A $200 grand prize Sobelman’s gift card will be given to the booth that best encompasses creativity and originality.

Some employers in attendance include the Milwaukee Teaching Fellows, Northwestern Mutual Bank and the Harley-Davidson Motor Company, according to the Reverse Career Fair Web page.

Max Schuette, the acting site manager of the Milwaukee Teaching Fellows, said his organization will seek specific characteristics among Marquette candidates.

“We are looking for students who will be graduating soon,” Schuette said. “But besides that, we want members who have shown past achievements.”

Schuette said the organization will also seek individuals who exhibit an honest passion in closing the achievement gap in Milwaukee schools.

The Career Services Center held a mandatory training session last week, Olson said, where practice activities included setting up a mock booth and completing guide packets.

“I’m confident that these student organizations are prepared to meet and impress any employer,” Olson said.

The invited employers were specifically recruited because Marquette has established familiar relations with them in connecting with graduates entering the workforce, Olson said.

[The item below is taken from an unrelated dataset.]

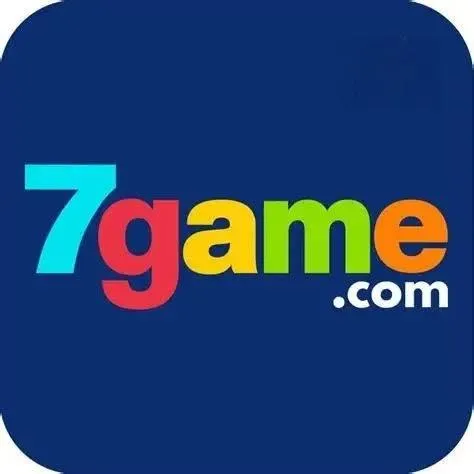7GAME - Balapan Motor Tercepat di Layar Anda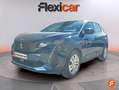 Peugeot 3008 1.5 BlueHDi 96kW Active Pack EAT8 Bleu - thumbnail 3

Schuette said the Milwaukee Teaching Fellows’s relations with Marquette students have been beneficial since the organization’s inception in 2008.

“At Marquette, the students have been (especially) great resources and outstanding candidates,” he said.

Students, including Jessica Paro, a junior in the College of Communication and president of the MU Ad Club, have thoroughly prepared for the fair next week in hopes of impressing potential employers.

“I have asked my (Ad Club) members to practice their interview skills and to be sure that they have resumes and business cards ready,” Paro said in an email.

She also mentioned the Career Services prizes as an incentive to further engage her organization and said MU Ad Club’s booth will serve as an opportunity to visually impress potential employers with a professional table display.

Olson stressed that employer-student relations are not the only benefits of this event.

“Student organizations can benefit from connecting and working together with their own team,” Olson said.

Nevertheless, Olson said the central goal of the event is to provide students with the ability to network with employers and gain experience.

Paro agreed, and said the fair may help her organization’s members secure jobs that could otherwise be difficult to obtain.

“This experience will definitely help us improve our interview skills and hopefully allow us to make contacts with people who are interested in our careers,” Paro said. “I do not see any downsides to this experience.”